Scraped caption text data:
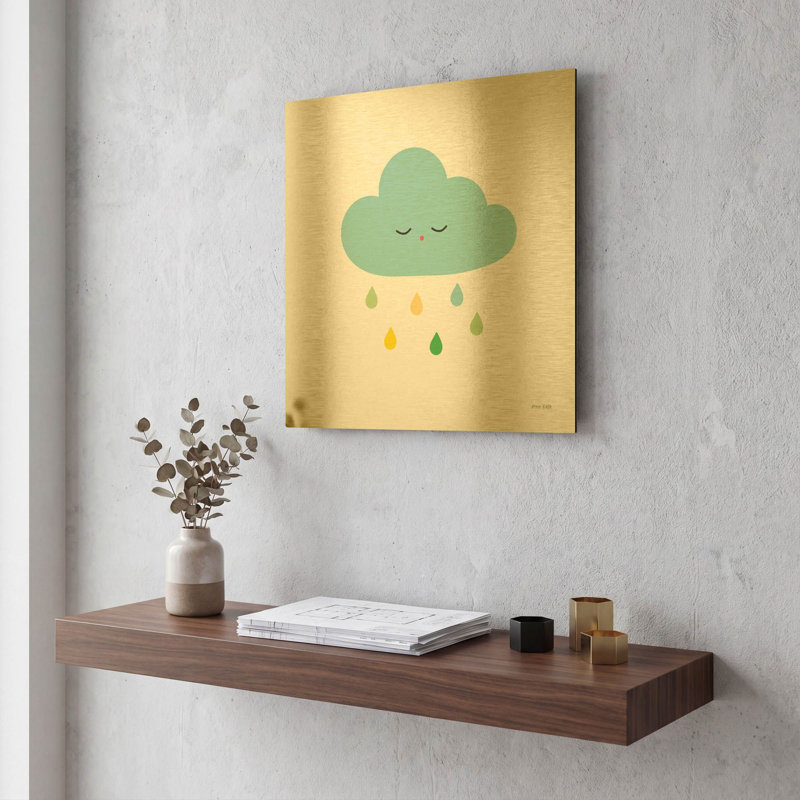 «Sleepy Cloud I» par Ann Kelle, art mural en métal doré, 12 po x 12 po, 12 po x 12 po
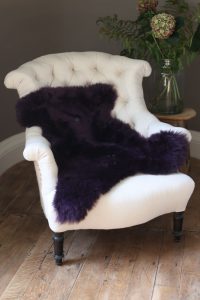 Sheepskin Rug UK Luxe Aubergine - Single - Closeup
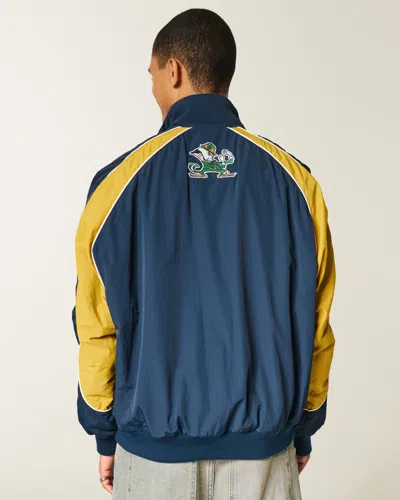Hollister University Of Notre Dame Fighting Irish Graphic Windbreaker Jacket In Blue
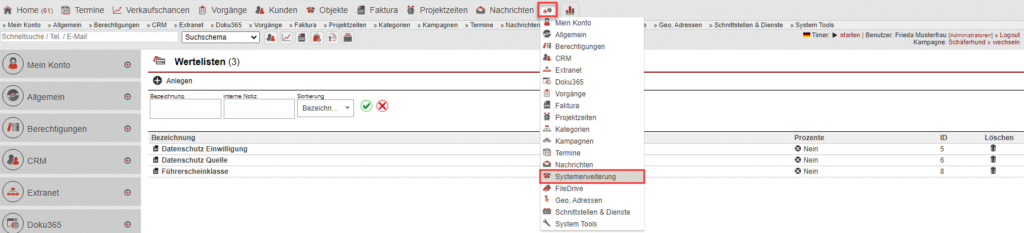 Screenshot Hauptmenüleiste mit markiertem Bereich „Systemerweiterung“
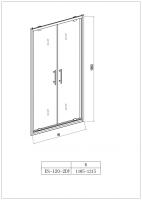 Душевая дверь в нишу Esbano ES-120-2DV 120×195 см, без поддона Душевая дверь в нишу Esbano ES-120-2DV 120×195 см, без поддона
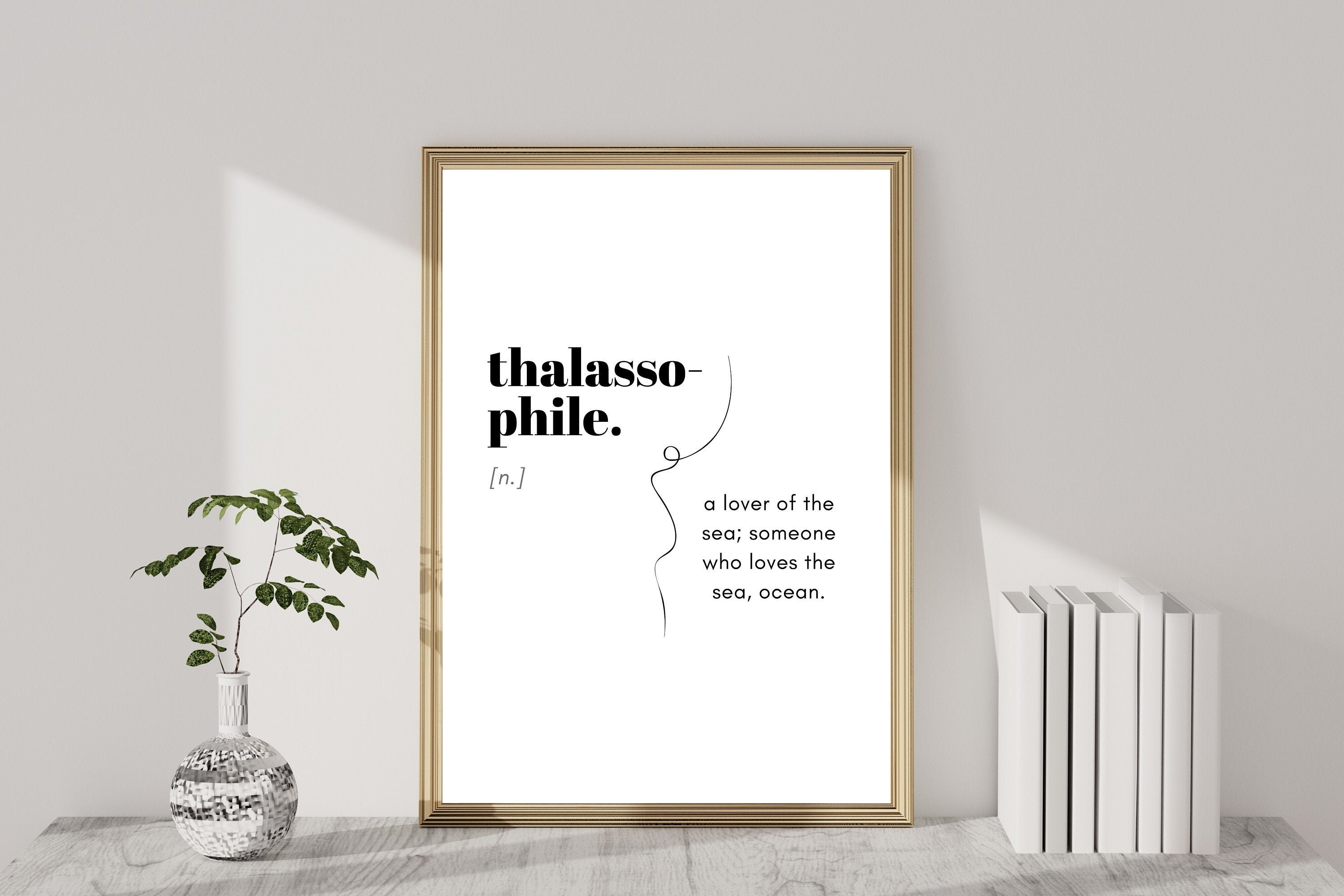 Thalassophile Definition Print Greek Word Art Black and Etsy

* _What you have to do_:
Omit every image. Quote each record exactly.

* _Response_:
 «Sleepy Cloud I» par Ann Kelle, art mural en métal doré, 12 po x 12 po, 12 po x 12 po
 Sheepskin Rug UK Luxe Aubergine - Single - Closeup
Hollister University Of Notre Dame Fighting Irish Graphic Windbreaker Jacket In Blue
 Screenshot Hauptmenüleiste mit markiertem Bereich „Systemerweiterung“
 Душевая дверь в нишу Esbano ES-120-2DV 120×195 см, без поддона Душевая дверь в нишу Esbano ES-120-2DV 120×195 см, без поддона
 Thalassophile Definition Print Greek Word Art Black and Etsy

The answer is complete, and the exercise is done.